__Data__.
*** Block opens ***

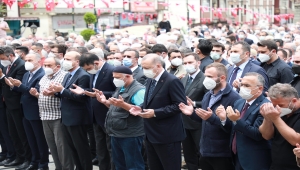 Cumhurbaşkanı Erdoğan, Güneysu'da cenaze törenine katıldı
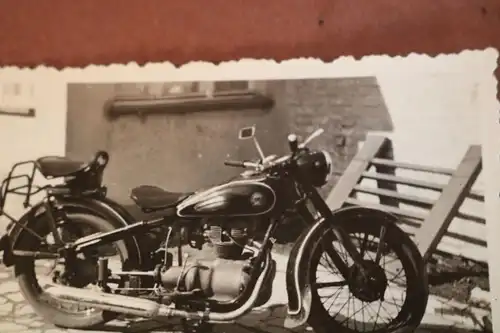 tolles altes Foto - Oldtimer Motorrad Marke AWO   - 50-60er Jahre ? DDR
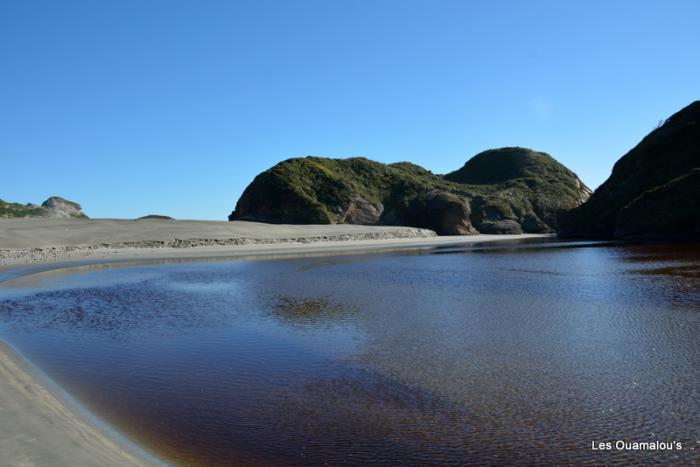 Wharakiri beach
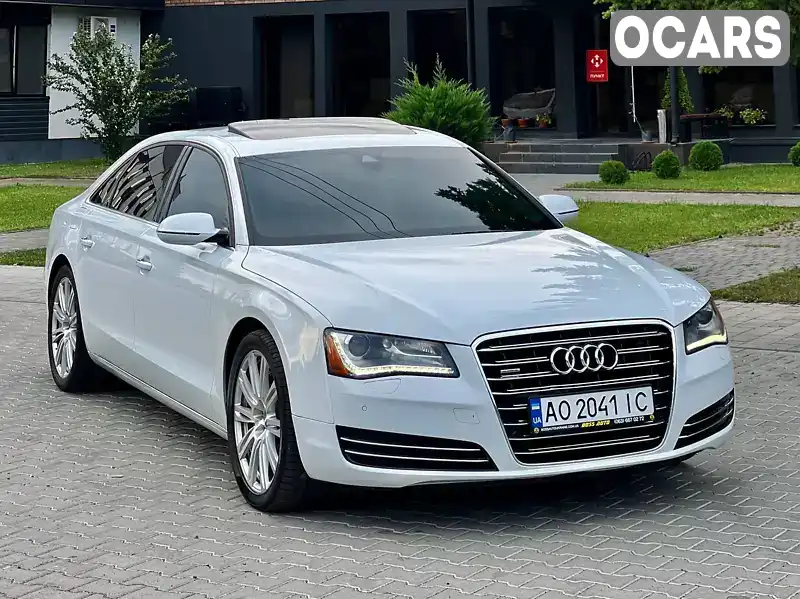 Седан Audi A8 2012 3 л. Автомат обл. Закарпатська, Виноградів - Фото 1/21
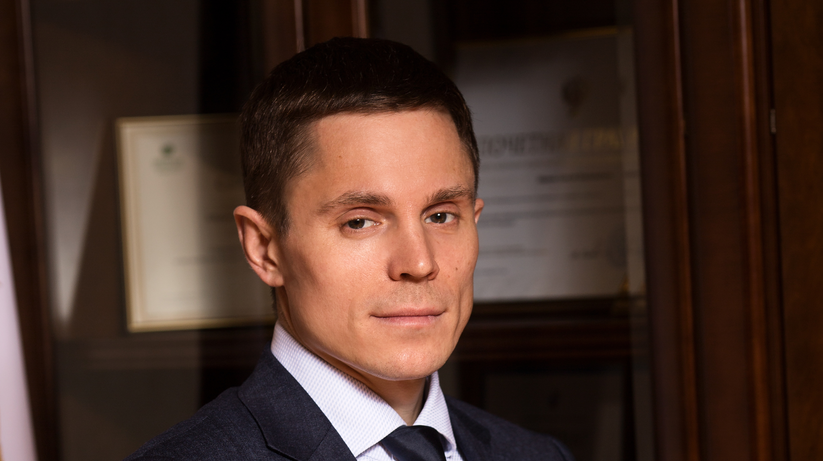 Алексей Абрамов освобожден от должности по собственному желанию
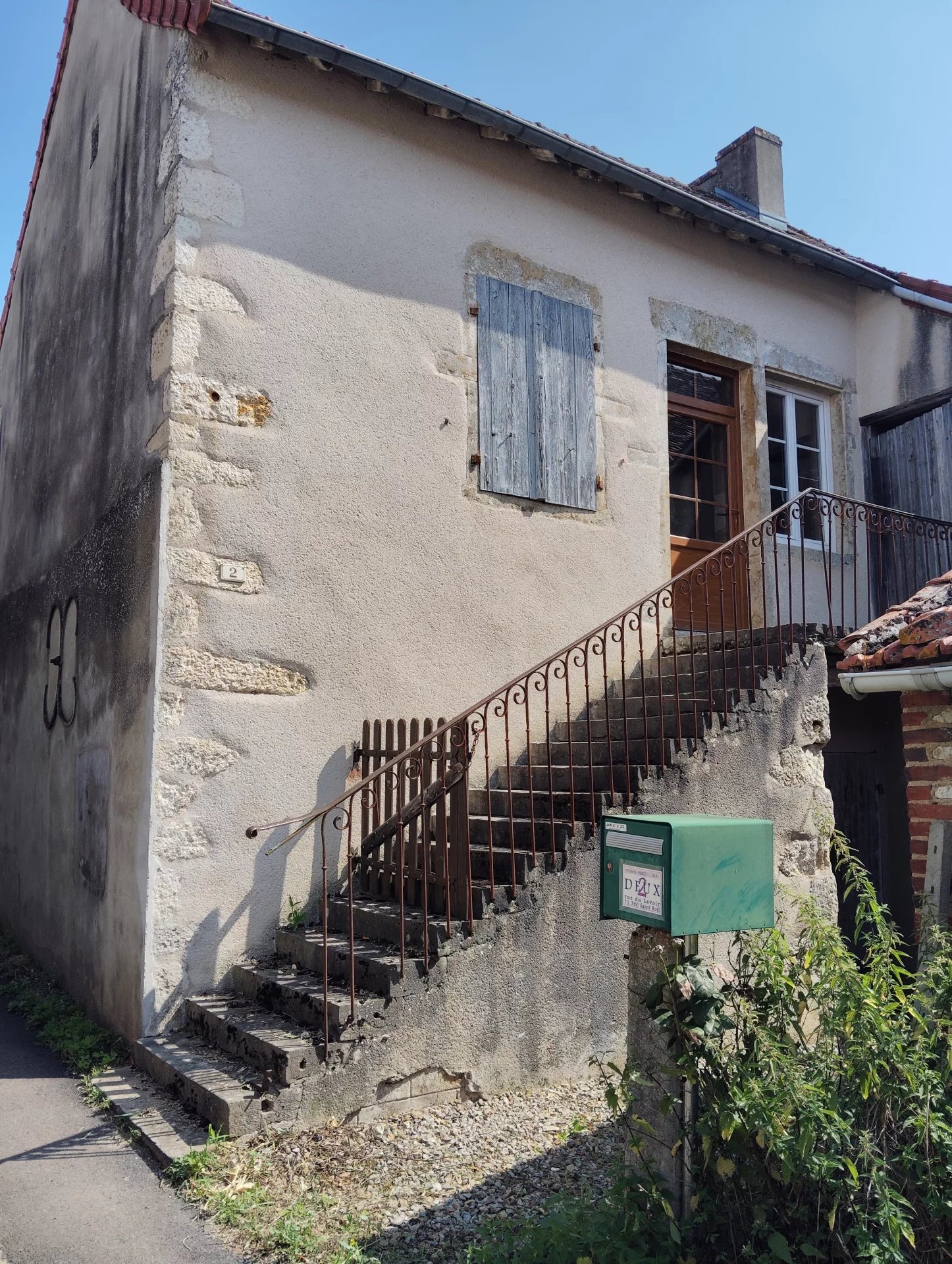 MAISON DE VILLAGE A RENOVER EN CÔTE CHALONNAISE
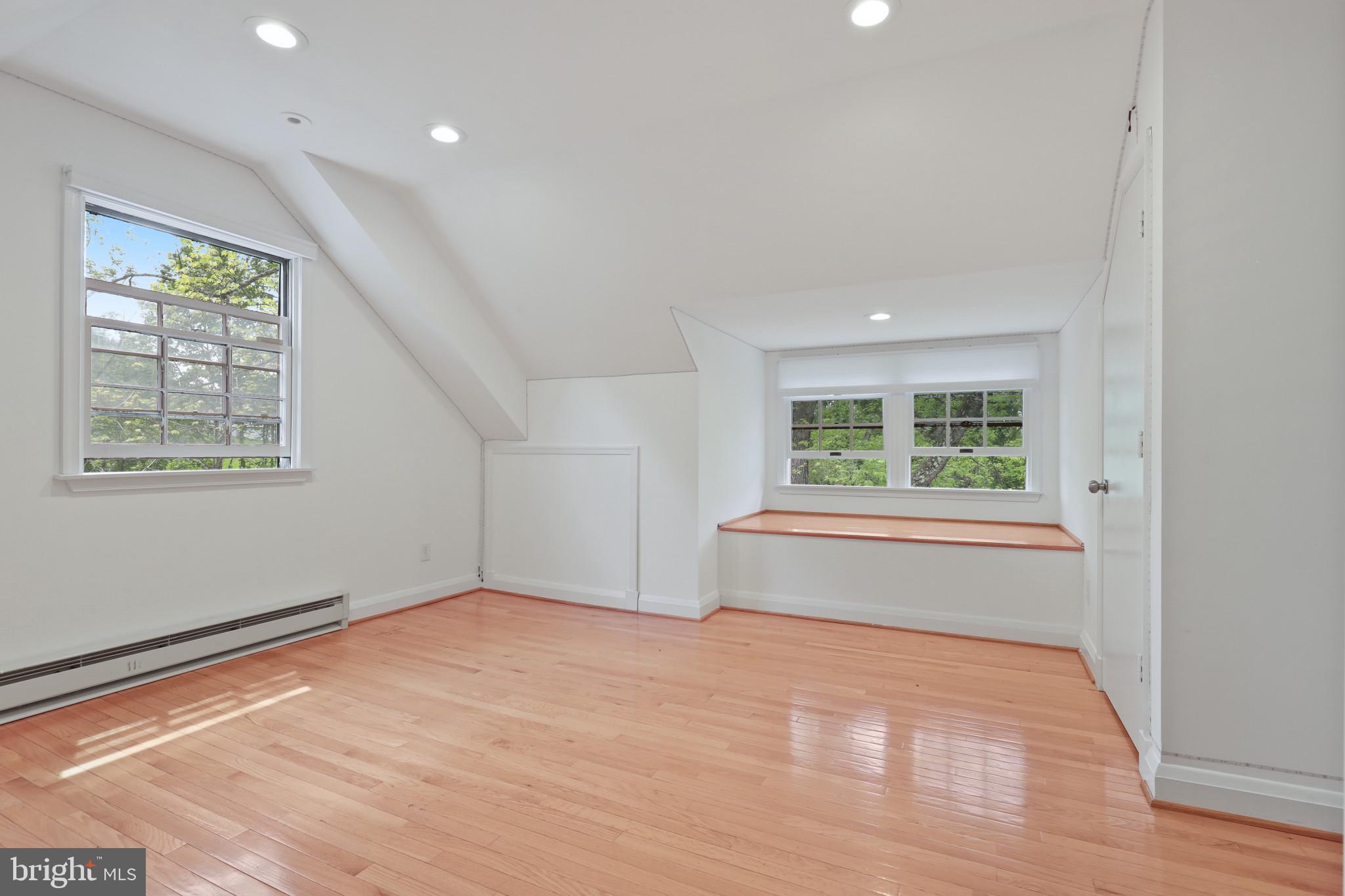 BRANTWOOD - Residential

*** Block closes ***
*** Block opens ***

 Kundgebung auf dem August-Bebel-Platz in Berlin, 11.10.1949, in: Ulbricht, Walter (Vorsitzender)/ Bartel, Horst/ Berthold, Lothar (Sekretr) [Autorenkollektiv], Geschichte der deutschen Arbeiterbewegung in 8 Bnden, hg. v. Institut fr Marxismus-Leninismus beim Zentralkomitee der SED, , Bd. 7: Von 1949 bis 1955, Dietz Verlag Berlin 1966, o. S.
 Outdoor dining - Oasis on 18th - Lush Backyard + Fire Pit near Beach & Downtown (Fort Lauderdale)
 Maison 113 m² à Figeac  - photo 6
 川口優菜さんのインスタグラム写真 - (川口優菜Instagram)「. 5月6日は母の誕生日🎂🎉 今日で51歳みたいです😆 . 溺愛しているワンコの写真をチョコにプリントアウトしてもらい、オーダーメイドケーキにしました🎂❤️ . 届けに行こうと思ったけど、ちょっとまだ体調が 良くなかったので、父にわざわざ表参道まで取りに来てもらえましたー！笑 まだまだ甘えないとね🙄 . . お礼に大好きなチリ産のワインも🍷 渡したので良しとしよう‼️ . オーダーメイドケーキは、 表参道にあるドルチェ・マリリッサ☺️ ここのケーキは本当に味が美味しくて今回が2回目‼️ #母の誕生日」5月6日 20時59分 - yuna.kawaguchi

*** Block closes ***

__Activity__.
From the data above, return only the lines starting at the line that holds "tolles altes Foto" and ending at the line that holds "BRANTWOOD - Residential", word for word and without pictures.

__Result of the task__.
 tolles altes Foto - Oldtimer Motorrad Marke AWO   - 50-60er Jahre ? DDR
 Wharakiri beach
 Седан Audi A8 2012 3 л. Автомат обл. Закарпатська, Виноградів - Фото 1/21
 Алексей Абрамов освобожден от должности по собственному желанию
 MAISON DE VILLAGE A RENOVER EN CÔTE CHALONNAISE
 BRANTWOOD - Residential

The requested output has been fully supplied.